Thoughtful Holiday Reading

Three books plus the normal contingent of magazines including the New Yorker were the core of my cerebral stimulation for the holidays.  Reading books when one can sleep-in is an even more wonderful experience than usual, and magazines make airports and flight delays more tolerable.

I started with the 10th ANNIVERSARY EDITION of ECOLOGICAL DESIGN by Sim Van Der Ryn & Stuart Cowan which I purchased at GreenBuild 2012, San Francisco.  This is a seminal text for the ecodesign industry which is the focus of my work.  Often getting back to basic principles is one of the most important things that we can do.  The next book that came into sharp focus for me was WALKABLE CITY – How Downtown Can Save America One Step at a Time by my friend JEFF SPECK, the coauthor of SUBURBAN NATION.  This brilliant and well researched text outlines principles for a liveable, ecological and sustainable urban model and he describes the successes that are already leading the way to a revitalized urban context in North America’s best and most liveable cities.  Finally a totally different book came to me as a Christmas gift and this book took over virtually all my reading time until it was read cover to cover, THOMAS KING’s, THE INCONVENIENT INDIAN, A Curious Account of Native People in North America.

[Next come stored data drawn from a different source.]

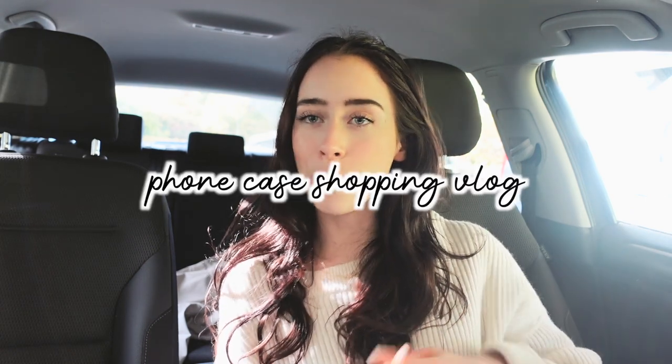Hey everyone and welcome to a new vlog! This is going to be a phone case shopping vlog. I'm really excited to find some new cases for this phone. It's also going to be fun seeing if the stores already have iPhone 14 Pro Max cases out — it's only been about two weeks since the iPhone 14 came out. Apple has a bunch of cases, but yeah, let's head to the mall.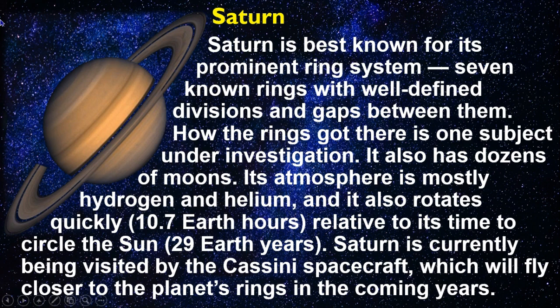Saturn is best known for its prominent ring system — seven known rings with well-defined divisions and gaps between them. How the rings got there is one subject under investigation. It also has dozens of moons, and its atmosphere is mostly hydrogen and helium. Saturn rotates quickly, in about 10.7 Earth hours, relative to its time to circle the Sun at 29 Earth years. Saturn was being visited by the Cassini spacecraft, which was set to fly closer to the planet's rings in the coming years.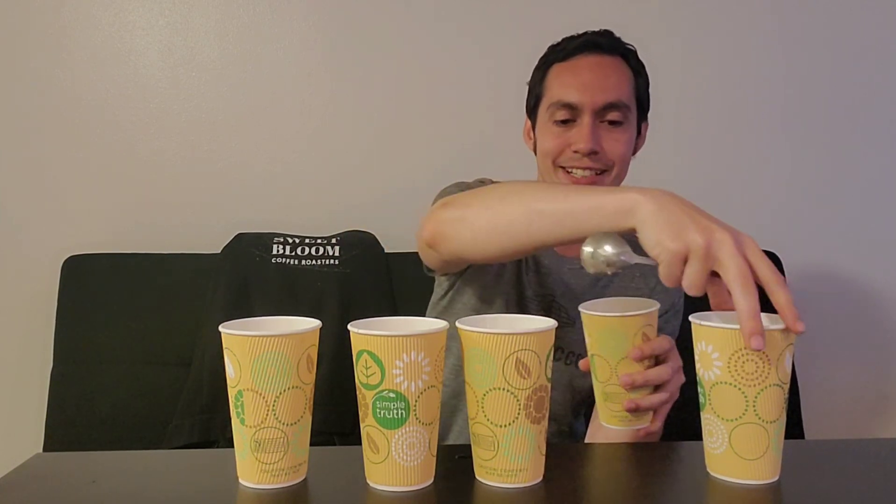Even playing it safe — one sip and I can already tell what this one is. This one right here is the Kenya. For those that don't know, Kenyans typically aren't my favorite. It's very cranberry-forward with a little bit of tomato. There's only one Kenya we have, and that's the Kenya from Lil' Wolf. I don't necessarily love Kenya, so I'm pretty safe and comfortable making this guess.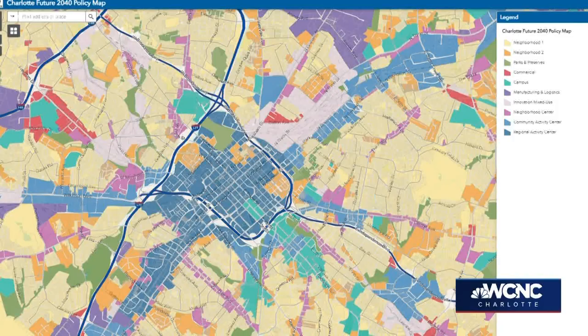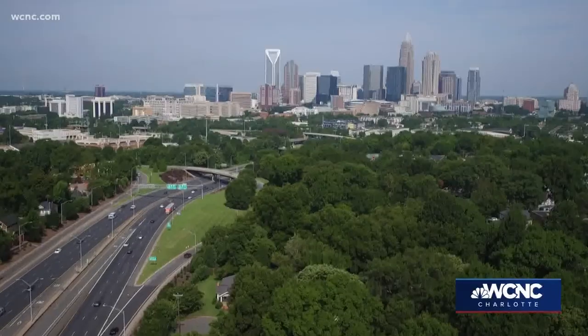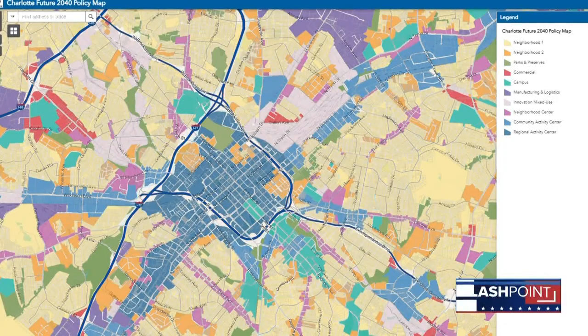First today: this past week city council passed the 2040 policy map. It is a companion piece to the 2040 comprehensive plan. The map provides guidance and a guardrail for future development and mobility near the places you live, places you work, places you play. The different colors of the map represent different neighborhoods, parks, commercial space, and a lot more. Joining us today on Flashpoint: Sam Spencer, former chair of the Charlotte Mecklenburg Planning Commission.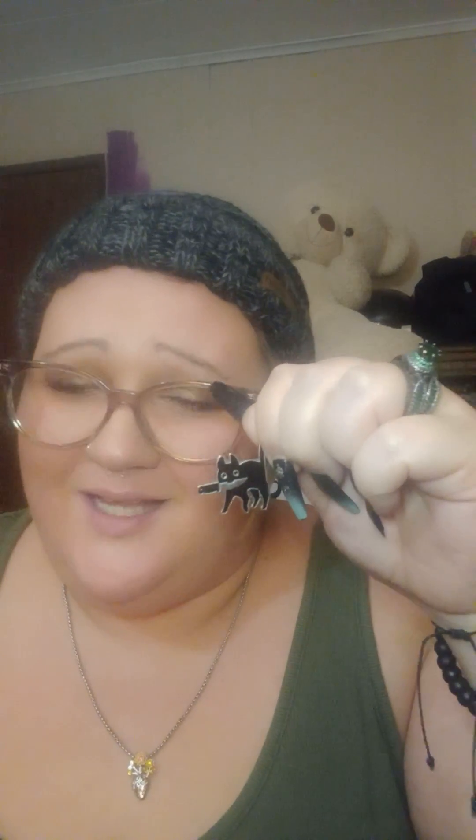For my oldest son I got him this cat pen — look how cute it is. It's a black cat with a knife. We are huge horror fans so that's perfect. So cute.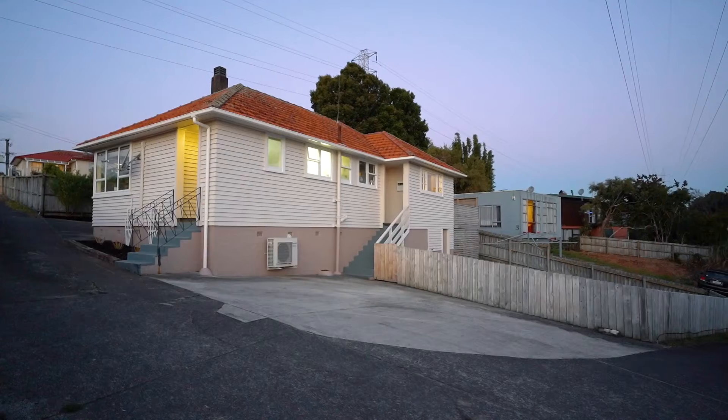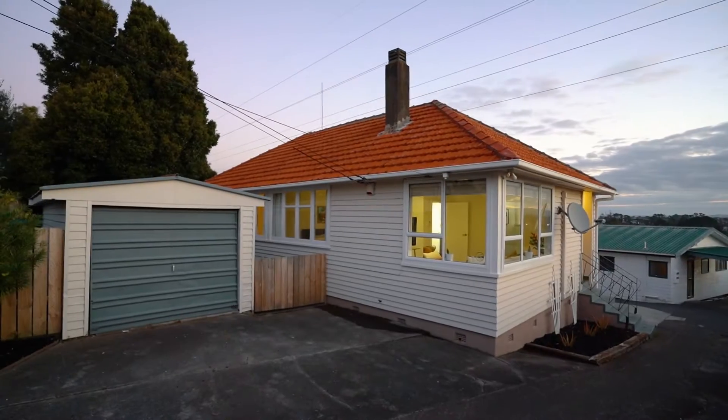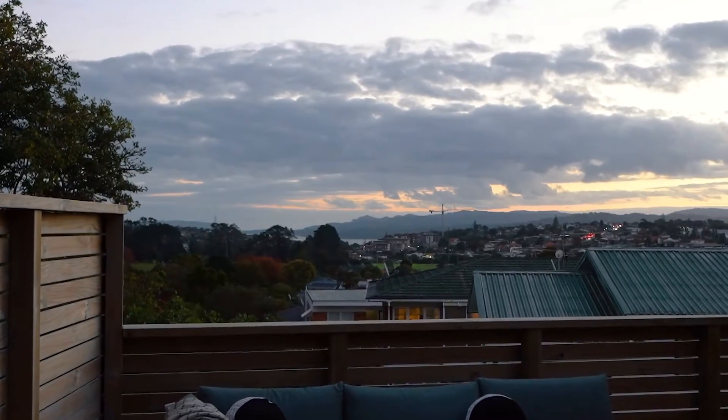Hi, I'm Julie from Harcourts and I would like to welcome you to 11 Cormac Street Mount Roscoe. This gorgeous 1950s weatherboard and tile home is just waiting for you. It's got three double bedrooms, it's got an amazing deck out the back, it's got stunning views. Come on inside and have a look.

Ecodesign is one of the greatest hopes for saving the planet.  Buildings, their construction and their daily use are the largest single consumer of energy and natural resources.  Ecodesign is changing this with some new ‘living’ buildings actually being modelled like plants to be a net benefit to their environment.  This development and response to the greatest challenge of our time, namely climate change means that today is an inspirational time to be on the forefront of a new architectural era.  A relevant paragraph worth consideration in comparison to traditional buildings which degrade their surroundings and consume excessive energy follows;

“Ecological design is simply the effective adaptation to and integration with nature’s processes.  It proceeds from consideration of health and wholeness, and tests its solutions with a careful accounting of their full environmental impacts.  It compels us to ask new questions of each design: Does it enhance and heal the living world, or does it diminish it?  Does it preserve relevant ecological structure and process, or does it degrade it?” page 14 Ecological Design

Designers today are challenged to make show people new ways to live.  My goals this year include both the creation of a model eco house and publishing a book on greening the restaurant industry which I feel is a good forum for influencing style and through style – lifestyle because we all need to adapt our lifestyle to a better ecological balance.

 

Walkability is the key to great urbanism.  Imagine the benefits and pleasure of walking in Paris, London, Venice, New York, Quebec City and even where I live in Victoria, BC.  There are three primary benefits that result from walkable cities:

  1. When people can walk easily, they use their cars less, they utilize public transit more often and the result is less pollution, healthier environments and improved downtowns.
  2. Walkable downtowns have better economies, higher property values and stable tax bases.
  3. Walkable urban areas attract ‘millenials’ the new creative class that is driving the next economic wave in North America.  Young people today are more likely to have neither a drivers licence nor a car that at any time since the 1950’s.  Cities that attract these people have the most successful businesses in high tech, entertainment and other cutting edge industries.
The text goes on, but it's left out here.